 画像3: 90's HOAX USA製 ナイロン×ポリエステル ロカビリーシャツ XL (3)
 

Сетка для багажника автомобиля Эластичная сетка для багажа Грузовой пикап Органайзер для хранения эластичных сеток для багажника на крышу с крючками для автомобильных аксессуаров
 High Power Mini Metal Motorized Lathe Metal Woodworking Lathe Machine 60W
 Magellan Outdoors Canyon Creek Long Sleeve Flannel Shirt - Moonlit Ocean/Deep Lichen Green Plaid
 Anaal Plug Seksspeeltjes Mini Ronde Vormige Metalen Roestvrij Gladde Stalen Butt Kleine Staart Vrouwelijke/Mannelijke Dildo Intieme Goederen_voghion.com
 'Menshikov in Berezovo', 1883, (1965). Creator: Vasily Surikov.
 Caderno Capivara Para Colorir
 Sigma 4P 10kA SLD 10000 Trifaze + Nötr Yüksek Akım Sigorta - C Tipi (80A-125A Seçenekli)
==========
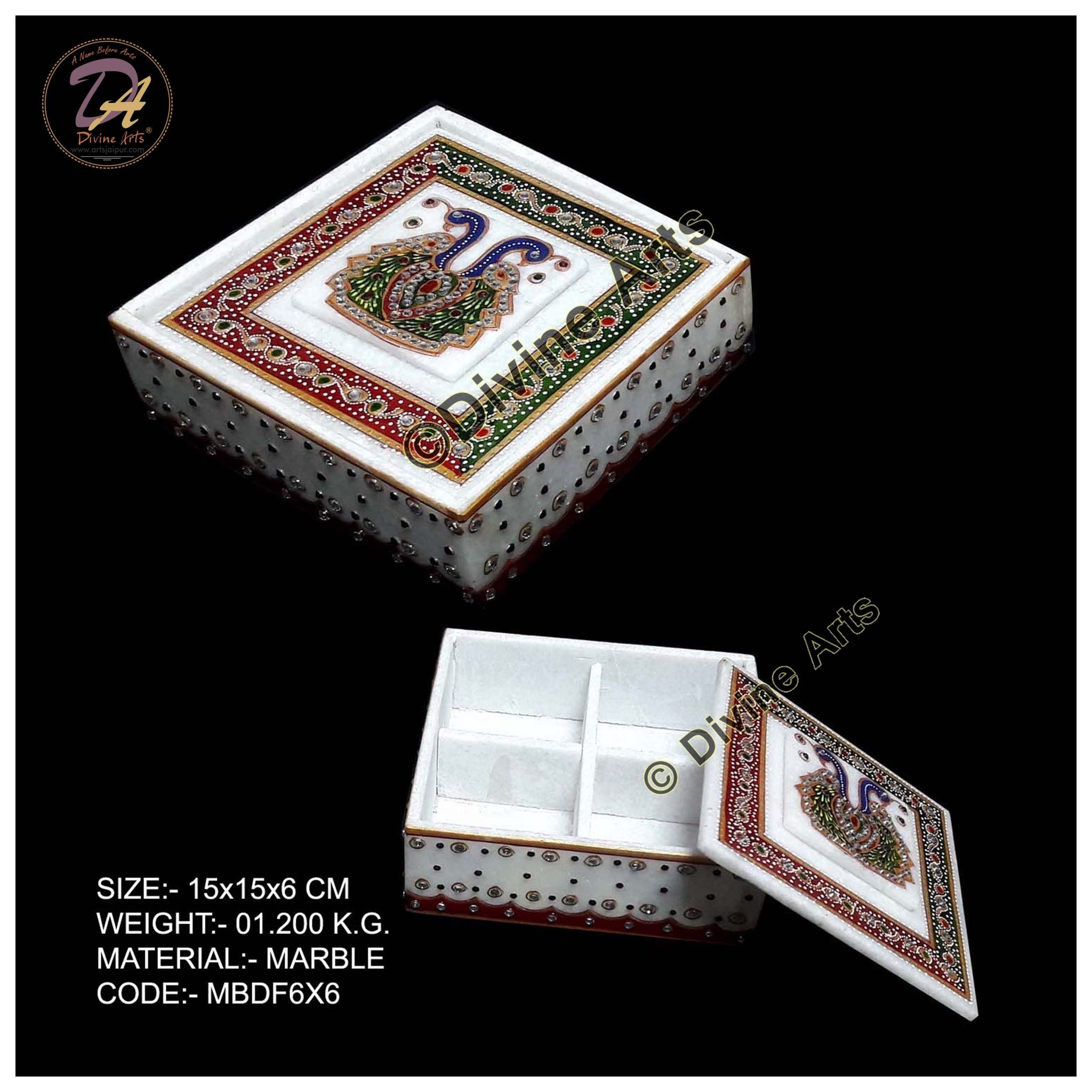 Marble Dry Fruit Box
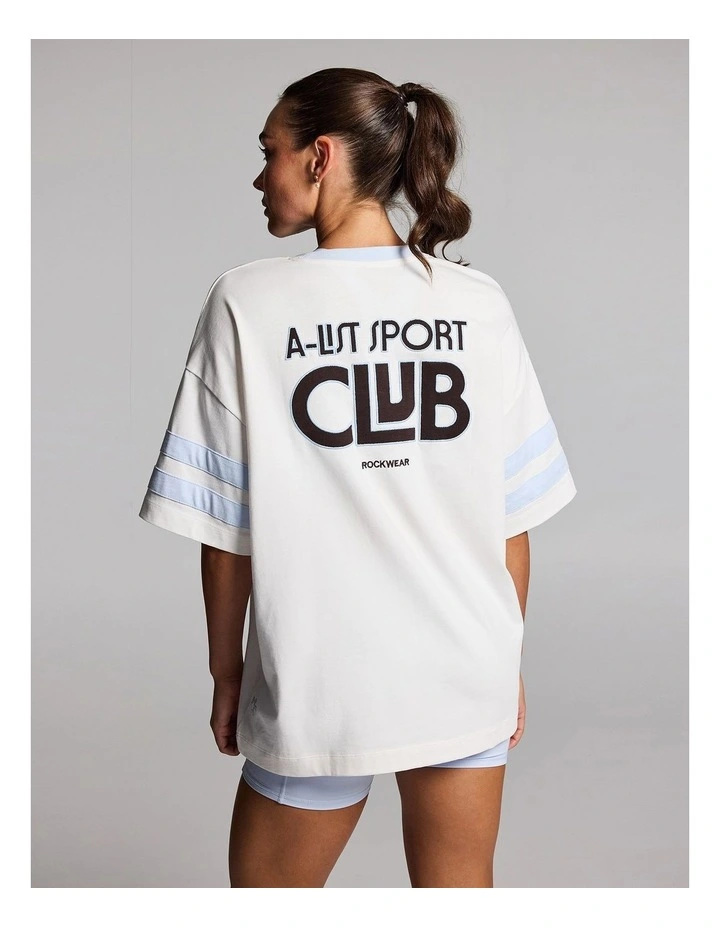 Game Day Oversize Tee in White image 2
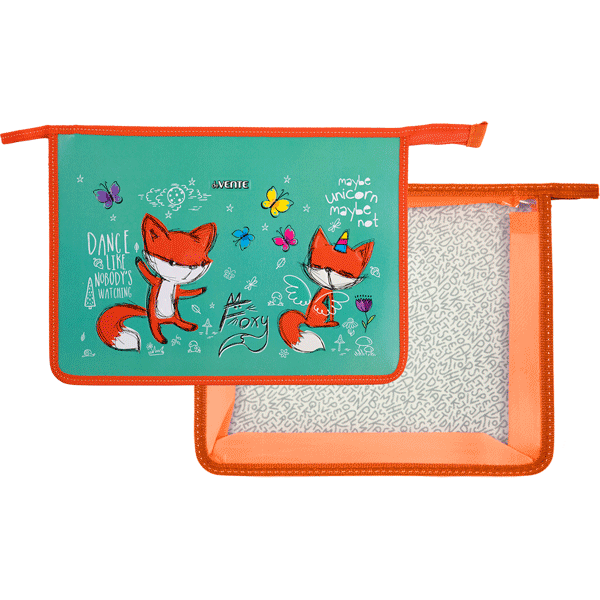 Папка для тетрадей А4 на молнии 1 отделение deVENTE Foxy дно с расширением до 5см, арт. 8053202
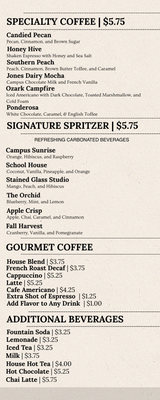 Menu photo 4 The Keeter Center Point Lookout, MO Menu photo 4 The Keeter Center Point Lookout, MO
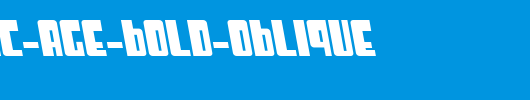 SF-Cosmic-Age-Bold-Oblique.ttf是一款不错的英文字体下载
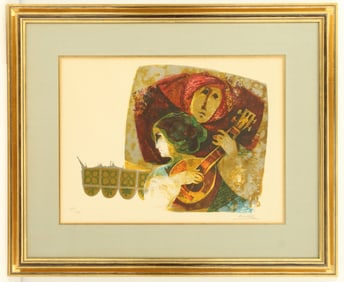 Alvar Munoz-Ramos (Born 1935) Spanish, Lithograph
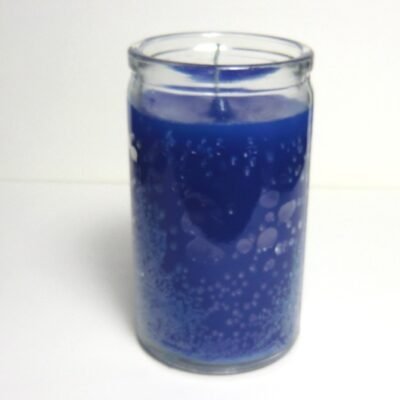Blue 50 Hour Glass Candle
==========
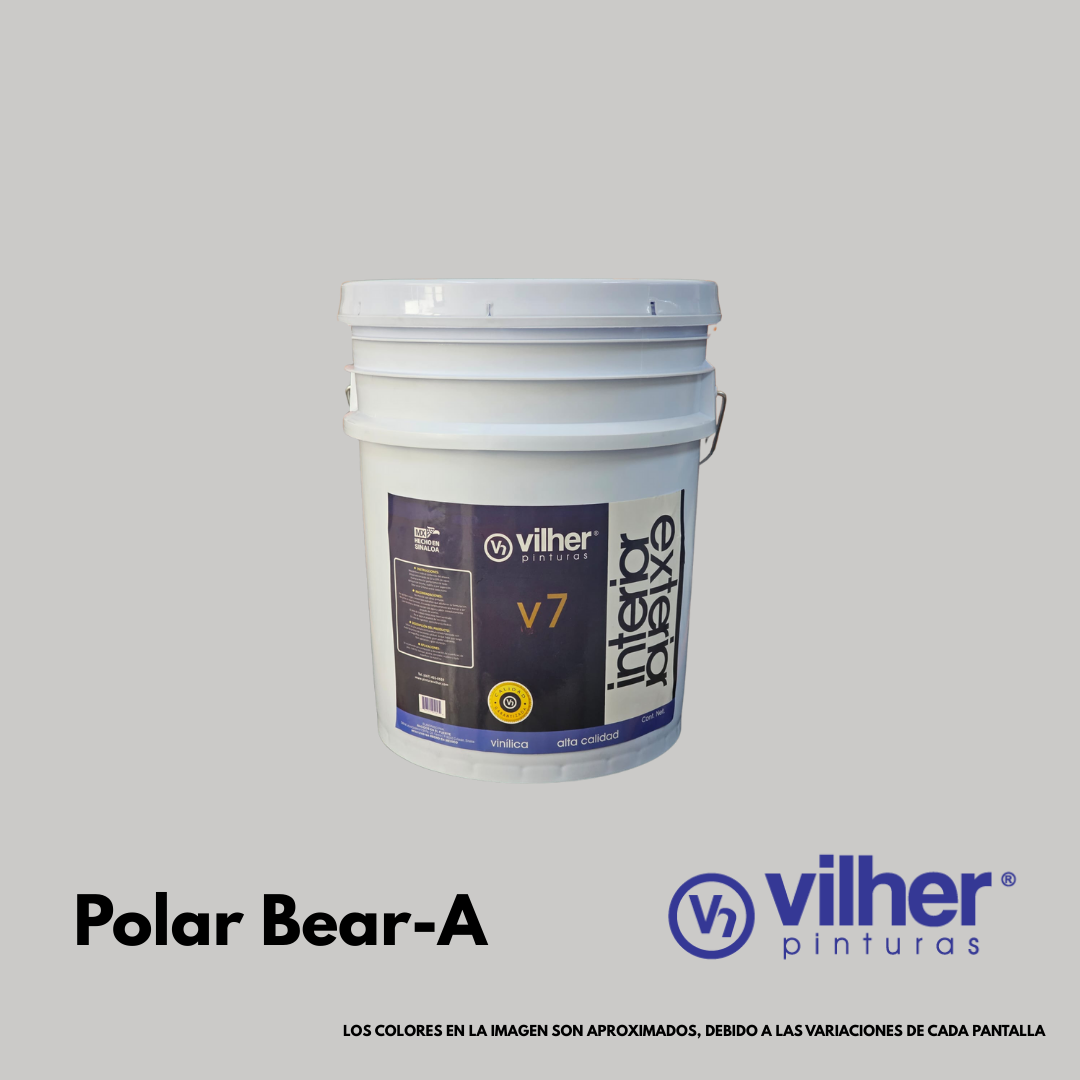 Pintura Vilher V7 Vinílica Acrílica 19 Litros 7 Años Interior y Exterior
==========
▸ Your objective:
From the records above, transcribe exactly the lines starting at the one containing "Alvar Munoz-Ramos (Born" and ending at the one containing "Blue 50 Hour Glass Candle". Skip the pictures.

▸ Answer space:
 Alvar Munoz-Ramos (Born 1935) Spanish, Lithograph
Blue 50 Hour Glass Candle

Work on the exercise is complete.